> [Prompt]:
Would you please output the lines of the data below from the one containing "NEWSTAR FLAT SCREEN" to the end, exactly and with nothing added?
:: Input
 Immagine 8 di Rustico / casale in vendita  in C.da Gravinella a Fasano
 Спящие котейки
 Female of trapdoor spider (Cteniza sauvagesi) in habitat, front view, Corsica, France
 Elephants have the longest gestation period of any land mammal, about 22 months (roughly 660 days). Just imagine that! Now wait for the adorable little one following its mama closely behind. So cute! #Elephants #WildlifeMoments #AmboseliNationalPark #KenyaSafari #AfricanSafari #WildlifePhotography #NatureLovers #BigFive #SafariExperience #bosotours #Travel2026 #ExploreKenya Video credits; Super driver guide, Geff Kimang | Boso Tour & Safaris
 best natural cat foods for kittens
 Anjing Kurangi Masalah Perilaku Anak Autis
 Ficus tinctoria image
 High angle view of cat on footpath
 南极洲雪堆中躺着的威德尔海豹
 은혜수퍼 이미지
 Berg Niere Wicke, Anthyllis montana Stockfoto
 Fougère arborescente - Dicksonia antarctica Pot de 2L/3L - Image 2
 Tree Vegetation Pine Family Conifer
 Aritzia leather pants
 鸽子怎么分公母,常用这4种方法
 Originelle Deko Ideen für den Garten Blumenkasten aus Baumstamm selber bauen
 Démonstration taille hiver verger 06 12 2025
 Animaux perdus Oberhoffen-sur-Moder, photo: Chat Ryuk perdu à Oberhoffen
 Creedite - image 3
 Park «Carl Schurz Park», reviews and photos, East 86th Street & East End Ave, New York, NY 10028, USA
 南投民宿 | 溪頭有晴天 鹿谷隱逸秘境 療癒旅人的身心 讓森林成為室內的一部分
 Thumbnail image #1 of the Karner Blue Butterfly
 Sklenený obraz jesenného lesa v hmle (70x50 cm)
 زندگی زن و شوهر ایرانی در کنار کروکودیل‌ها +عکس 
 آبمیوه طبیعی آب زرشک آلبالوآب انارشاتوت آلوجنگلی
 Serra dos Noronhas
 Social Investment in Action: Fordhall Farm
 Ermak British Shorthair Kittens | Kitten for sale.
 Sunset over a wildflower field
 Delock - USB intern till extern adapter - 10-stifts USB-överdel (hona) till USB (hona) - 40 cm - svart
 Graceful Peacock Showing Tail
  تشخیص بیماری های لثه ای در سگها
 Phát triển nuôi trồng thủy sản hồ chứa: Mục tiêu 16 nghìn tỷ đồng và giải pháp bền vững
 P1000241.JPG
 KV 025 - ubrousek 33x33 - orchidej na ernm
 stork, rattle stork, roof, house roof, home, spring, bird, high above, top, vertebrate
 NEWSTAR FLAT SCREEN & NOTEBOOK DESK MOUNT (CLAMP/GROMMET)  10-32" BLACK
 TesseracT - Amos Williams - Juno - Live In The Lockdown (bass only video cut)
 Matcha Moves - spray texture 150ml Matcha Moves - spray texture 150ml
::::
> [Expected output]:
 NEWSTAR FLAT SCREEN & NOTEBOOK DESK MOUNT (CLAMP/GROMMET)  10-32" BLACK
 TesseracT - Amos Williams - Juno - Live In The Lockdown (bass only video cut)
 Matcha Moves - spray texture 150ml Matcha Moves - spray texture 150ml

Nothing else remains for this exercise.